▸ **Task instructions**:
Leaving out every picture, copy the lines of the material below exactly, from the line containing "Geldgeschenk * KOMMUNION" through the line containing "Hope Brushed Aluminium Dibond Wall Art.".
START Entries provided
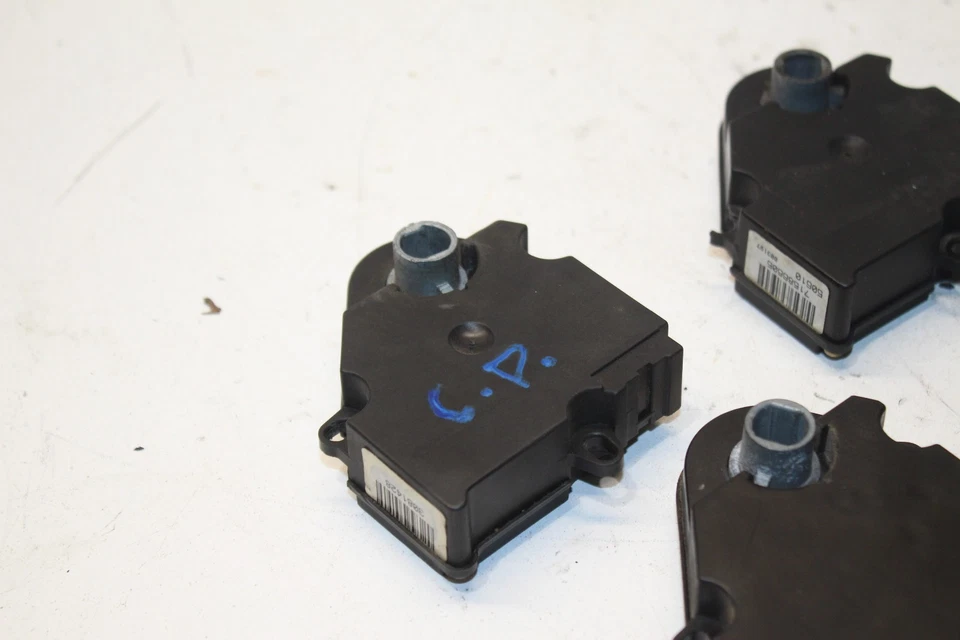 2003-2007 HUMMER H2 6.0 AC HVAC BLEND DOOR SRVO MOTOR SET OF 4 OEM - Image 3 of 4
END Entries provided
START Entries provided
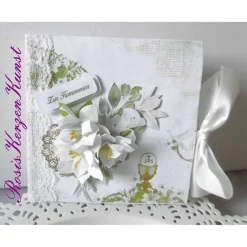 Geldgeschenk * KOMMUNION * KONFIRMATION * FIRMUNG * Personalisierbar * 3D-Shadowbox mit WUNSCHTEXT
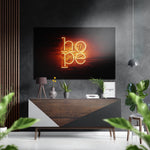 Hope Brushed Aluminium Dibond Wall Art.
END Entries provided
▸ **Task answer**:
 Geldgeschenk * KOMMUNION * KONFIRMATION * FIRMUNG * Personalisierbar * 3D-Shadowbox mit WUNSCHTEXT
 Hope Brushed Aluminium Dibond Wall Art.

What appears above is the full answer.